Hi Abe,

Thanks for your mail, well mysql table is defined with utf-8 and even the data is visible like mentioned below,

Data in mysql : सुरेन्द्र कुमार पाण्डेय

but as I move the same through sqoop import of data gets corrupted, as provided in the last thread of this mail.

Well I even tried to set the parameters useUnicode=true&characterEncoding=utf8 and --direct -- --default-character-set=utf8 to sqoop import mysql connection string but still there's no luck.

Additionally, the data is containing some control character like Ctrl-A (x001) and Ctrl-M likewise, which is even violating the field delimeter set to sqoop import precisely as Ctrl-A. Is there a way to keep a possible delimeter which can handle/work with any special or control character introduced.

Looking out for quick response.


On Sun, Nov 23, 2014 at 12:40 AM, Abraham Elmahrek <abe@cloudera.com> wrote:
This could be in 2 places: Loading to HDFS, or extracting from MySQL. Sqoop should load every thing as UTF-8 by default, which supports Hindi.

What is your default character set in MySQL? Could you copy/paste your my.cnf?
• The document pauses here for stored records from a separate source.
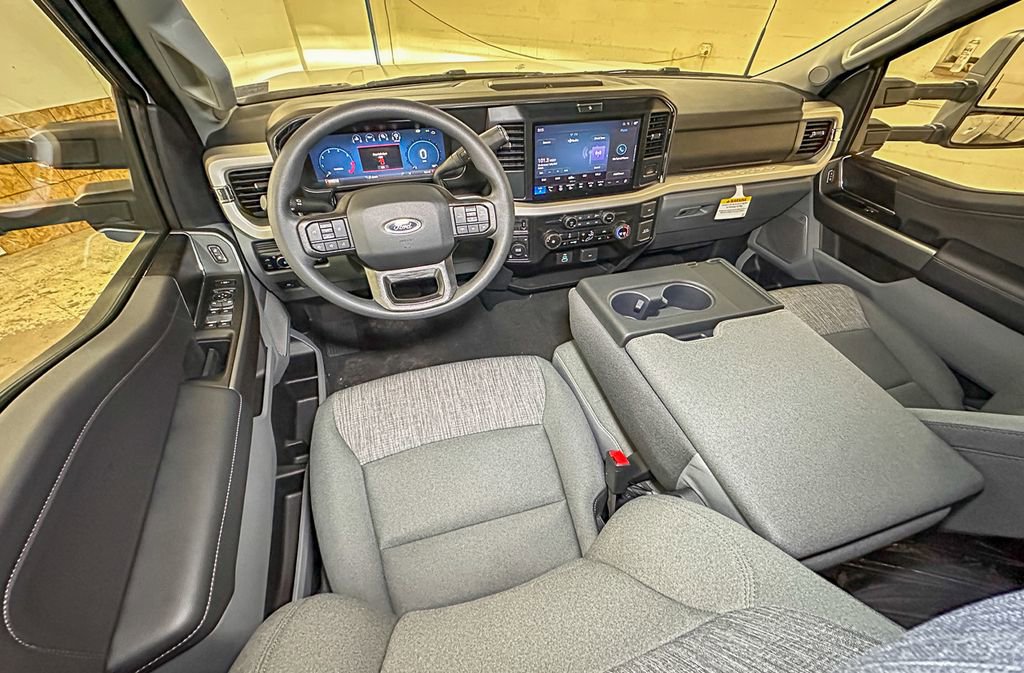 New 2026 Ford F350 XLT w/ XLT Premium Package image 8
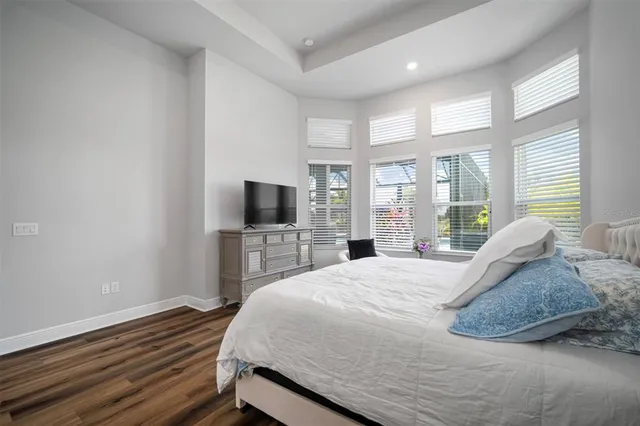 $999,999 | 5405 Del Coronado Drive, Apollo Beach, FL 33572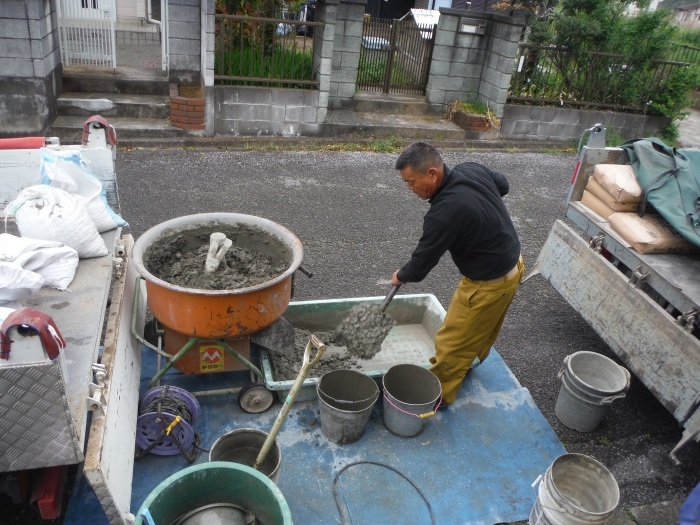 施工中〜電気、水道、土間打ち〜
Also, what version of MySQL are you running?

On Sat, Nov 22, 2014 at 12:28 AM, Vineet Mishra <clearmidoubt@gmail.com> wrote:
Hi Abe,

Well with the above statement I mean to say that the data which is residing in mysql is different from what is been imported via sqoop.

So let me shoot out an example for the same,

Data in mysql : सुरेन्द्र कुमार पाण्डेय
Data in HDFS(Sqoop import) :  M-`M-$M-8M-`M-%M-

So this is the kind of changes I am landing into which is completely loosing the meaning of the data.

Any help would be appreciated.

Thanks again!

On Sat, Nov 22, 2014 at 2:15 AM, Abraham Elmahrek <abe@cloudera.com> wrote:
Hey there,

Could you explain what you mean by "losing its meaning"? It's possible you may need to set the character set: http://dev.mysql.com/doc/connector-j/en/connector-j-reference-charsets.html.


On Fri, Nov 21, 2014 at 5:57 AM, Vineet Mishra <clearmidoubt@gmail.com> wrote:

I am doing a Sqoop import from mysql as source, recently I figured out that data imported through sqoop from mysql was having some special characters and even control character which was loosing its meaning while moved to sqoop data files. 

Looking out for a solution as how to handle this case of special character or if possible pruning the unwanted data out of my target dataset.

Looking out for resolution at the earliest!